T lymphocytes (T-cells) includes cells that release chemicals to attract other immune cells to come to the area (T-helper cells). There are also T cells that detect and foreign invader and destroy it (cytotoxic T cells).

T cells attach to foreign invaders like a lock and key. Each T cells fits into a specific lock. That means each foreign invader must be destroyed by a specific T cell. Once the T cells locks on, it can then multiply and produce more T cells with the same key to destroy more of that particular invader.

B cells are produced in the bone marrow and are activated by T cells. A B cell must contain the same “key” as the T cell. Meaning that each foreign invader has one specific B and T cell. Once the B cells is activated, it releases a specific antibody for that specific foreign invader (ie: virus, or bacteria). Antibodies attach to the foreign invader and destroy it. Bacteria and viruses that provoke the creation of antibodies are called antigens.

The brain’s own immune system

The central nervous system (brain and spinal cord) contains its own resident immune cells called microglia.  Microglia are activated by infections, bacteria, toxins, or autoimmunity.
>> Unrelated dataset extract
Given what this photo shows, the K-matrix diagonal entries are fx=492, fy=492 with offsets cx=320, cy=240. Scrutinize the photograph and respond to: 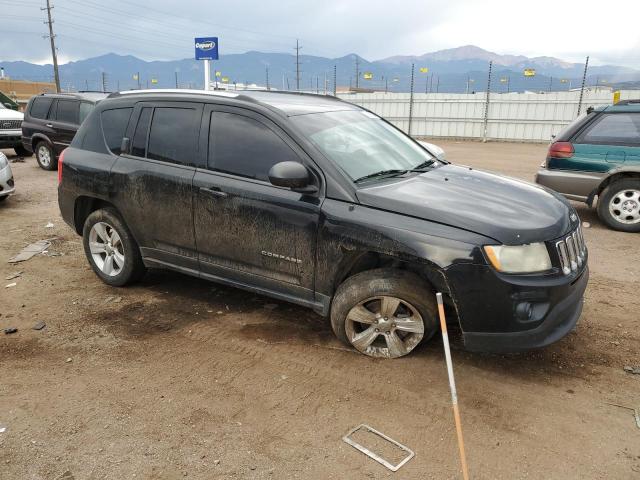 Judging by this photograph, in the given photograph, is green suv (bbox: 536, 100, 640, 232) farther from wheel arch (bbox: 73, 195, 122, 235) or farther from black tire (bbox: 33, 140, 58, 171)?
black tire (bbox: 33, 140, 58, 171)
It is important to note that peripheral immune cells (immune cells in the body) are blocked from entering the brain by the blood brain barrier (BBB). The blood brain barrier is a filter that protects potentially damaging molecules from entering the brain.
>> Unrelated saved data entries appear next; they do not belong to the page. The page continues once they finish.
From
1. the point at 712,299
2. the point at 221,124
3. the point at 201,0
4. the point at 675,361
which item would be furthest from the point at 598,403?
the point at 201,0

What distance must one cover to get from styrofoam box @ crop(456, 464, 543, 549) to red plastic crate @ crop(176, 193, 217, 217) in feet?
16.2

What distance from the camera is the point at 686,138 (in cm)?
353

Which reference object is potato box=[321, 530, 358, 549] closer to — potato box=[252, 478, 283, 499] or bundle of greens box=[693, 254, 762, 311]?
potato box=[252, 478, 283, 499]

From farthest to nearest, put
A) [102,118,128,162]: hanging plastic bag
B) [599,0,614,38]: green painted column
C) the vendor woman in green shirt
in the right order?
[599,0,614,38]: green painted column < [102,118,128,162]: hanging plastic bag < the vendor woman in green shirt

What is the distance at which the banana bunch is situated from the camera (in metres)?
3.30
What is neuroinflammation?

However, in some instances, the peripheral immune cells sneak past the blood brain barrier and enter the brain leading to neuroinflammation.  Neuroinflammation is not a “disease” in and of itself, but creates an environment in the brain in which diseases can flourish.  When immune cells from the body’s immune system get into the brain, it triggers the glial cells (brains own immune system) to deploy the brain’s immune cells (resident immune cells). The increase in activated immune cells cause further degradation of the blood brain barrier allowing potentially more peripheral immune cells into the brain and a viscous cycle ensues.

How does neuroinflammation impact the brain?

As stated earlier, neuroinflammation activates a bunch of peripheral and resident immune cells.  Immune cells release a free radical called reactive oxygen species (ROS). An excess amount of ROS causes oxidative stress. Oxidative stress has been linked to almost every non-communicable neurologic disease.